Why are we kinder to our friends than we are to ourselves? Why do we poke at ourselves with hurtful labels and lash ourselves with should statements, those whips of the mind that create anxiety, guilt and shame? In TEAM therapy, “A” stands for “Agenda Setting,” or “Analysis of Resistance.” In this step, we walk with a patient to see what is positive about negative self-talk and the painful feelings it generates. Alice has come to see that the anxiety, guilt and shame that rise up when she starts to criticize herself for procrastinating, stem from deep-seated values to be productive, to move forward on projects she cares about, to engage instead of to withdraw. Telling herself she is a lazy fuckup is a way to keep herself from enjoying her procrastination too much, a kind of guard rail that protects her from the consequences of not getting her work done.

So, knowing that there are good reasons for her to stay stern with herself, I test her again, giving another one of her harsh thoughts, in my role as Gina. “But Alice, shouldn’t I just get over myself?”

“No, no,” Alice’s eyes are warm. “You want to move past this, I can see that. But name-calling and pressuring yourself won’t be helpful. You can get past this place where you are stuck. It’s going to be hard, and scary, and you might be tempted to believe you can’t do it. But I believe in you, and you can always call me for encouragement.”

“Wow,” I say, wanting to linger as ‘Gina,’ and bask in her kind encouragement, “that feels incredibly good hearing you say that. I feel so seen and supported and encouraged.” Reluctantly, I add, “can we hit the pause button?” She nods and sits back. She is calmer, sadder, tears in her eyes. She seems fuller.

“Wow, indeed,” she says. “I know where you are going with this. Can I talk to myself that way?” She considers this. “It should be a no-brainer. I mean, right now at this moment I feel so connected to you as Gina - it seems easy to want to stay present with her and encourage her. But somehow, when it comes to me, I feel hesitant.”

“Yeah, go on. There is something important in your hesitation. Why would you be hesitant to stay encouraging instead of punitive with yourself.”

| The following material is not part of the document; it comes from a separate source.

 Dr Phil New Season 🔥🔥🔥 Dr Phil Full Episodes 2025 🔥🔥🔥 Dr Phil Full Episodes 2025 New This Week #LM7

“I really, really love to procrastinate. If I’m kind to myself the way I am with Gina, I will feel better, and then how do I know that I won't just get soothed and feel better and jump on the couch with another crossword puzzle? Being strict with myself is the only way I can stay on task.”

“So, your worry is that if you let up on yourself, that you’ll become self-indulgent?”

“Yes, exactly,” she nods.

“And what would your self-indulgent voice be telling you. What are the thoughts that tempt you to the couch?”

“Oh, I’d tell myself that I can totally do this tomorrow and that I deserve a break.”

“Can we go back into the role play?” She nods, and I resume again as Gina, “Alice, thanks so much for those kind words about my project. I feel so much better that I’m going to grab that crossword and go sit on the couch. I deserve this break.”

Alice starts to crack up.

“Oh no, you don’t my friend! I love you too much to let you do that. This project is really important to you! You won’t have time later, now is the time to do it! You can do that crossword after you finish this email copy and after you confirm your plans with Diana.” She breaks from the role play, “I get it now, kindness and accountability are all wrapped up together.” She sees me open my mouth, and beats me to it, “Now that’s something I would say that to a dear friend, and to myself.”